Es un paisaje objetivo, salvaje y solitario hasta la aparición de la primera persona del plural: “el arroyo explotaba y era el lugar en que jugábamos / de chicos”. ¿Quiénes jugaban? ¿Dónde están los otros que jugabanHab El poema no menciona, no le pone nombres a esa primera persona del plural, es un plural que podría abarcar a cualquiera que sea chico y a cualquiera que haya jugado de esa manera, como los chicos de Pasolini, como DiCaprio, como los de Dickens. Los chicos irrumpen en el paisaje, pero no tienen caras. Los benteveos y los picaflores suavizan y dan tonalidad al salvajismo objetivista del poema.
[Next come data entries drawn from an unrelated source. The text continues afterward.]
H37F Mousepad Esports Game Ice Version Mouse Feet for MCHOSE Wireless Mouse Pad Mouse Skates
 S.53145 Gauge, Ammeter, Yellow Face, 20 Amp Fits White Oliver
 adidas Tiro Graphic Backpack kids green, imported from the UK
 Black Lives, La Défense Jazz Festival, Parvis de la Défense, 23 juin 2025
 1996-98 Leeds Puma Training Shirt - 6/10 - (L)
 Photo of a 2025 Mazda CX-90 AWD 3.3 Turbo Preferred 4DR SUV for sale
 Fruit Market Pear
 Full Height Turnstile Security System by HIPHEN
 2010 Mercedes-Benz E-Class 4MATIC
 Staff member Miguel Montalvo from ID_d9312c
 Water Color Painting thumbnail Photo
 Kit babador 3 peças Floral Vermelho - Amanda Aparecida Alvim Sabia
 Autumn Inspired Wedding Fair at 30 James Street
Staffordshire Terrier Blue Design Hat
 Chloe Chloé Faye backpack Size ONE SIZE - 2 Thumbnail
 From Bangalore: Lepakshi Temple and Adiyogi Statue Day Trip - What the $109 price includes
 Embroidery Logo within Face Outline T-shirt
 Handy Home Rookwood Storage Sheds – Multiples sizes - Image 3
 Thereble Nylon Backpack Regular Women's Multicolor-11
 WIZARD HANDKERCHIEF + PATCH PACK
Los últimos versos desconciertan: “Ese arroyo, en una de cuyas curvas / me bañé alguna vez, / es el centro del lugar que ocupa todo, / el corazón del espíritu”. Hay otro movimiento, ya no solo es el paisaje que se expande, que se abre, ahora el movimiento es de lo material a lo abstracto, de lo que tiene forma a lo que solo puede vivir como idea o como sentimiento. El arroyo representa algo, el arroyo es el todo, es el lugar donde uno va a bañarse, a estar solo y jugar, pero también envuelve la interioridad, la llena de grandeza. El último verso no termina de concluir esta idea, al contrario, la cambia y la complementa, nos devuelve a la tierra, a lo más bajo y mundano: “Un lugar / en el que se veían piedras, latas en desuso y pájaros”.

 

Había un arroyo

que cortaba en dos la ciudad,

en parte entubado

y en otras canalizado.

Corría en las partes bajas

y a medida que se acercaba

al campo se volvía más agreste

hasta desembocar en otro arroyo

que desembocaba en el río,

frente a un lujoso palacio

que emergía frente a las islas.

Pero entre el borde de la ciudad

y el campo, el arroyo se chupaba

el paisaje; cuando llovía poco

y era un hilo de agua, se lo podía cruzar

fácil para meterse en una zona algo montaraz

y extraña, porque convivía

con los fondos de los patios

y cortaba las calles de tierra.

Después era un arroyo común y silvestre

rodeado de un monte bajo y apretado.

Antes del borde de la ciudad, después del entubado,

el arroyo explotaba y era el lugar en que jugábamos

de chicos. Lo rodeaba un pasto alto y muy verde

y se veían benteveos y picaflores,

y hacia el arroyo iban las mariposas,

rojas y negras, que cazábamos en primavera

con ramas que hablábamos y nos dejaban

pigmentadas de verde las manos y olorosas a savia.

Ese arroyo, en una de cuyas curvas

me bañé alguna vez,

es el centro del lugar que ocupa el todo,

el corazón del espíritu. Un lugar

en el que se veían piedras, latas en desuso y pájaros.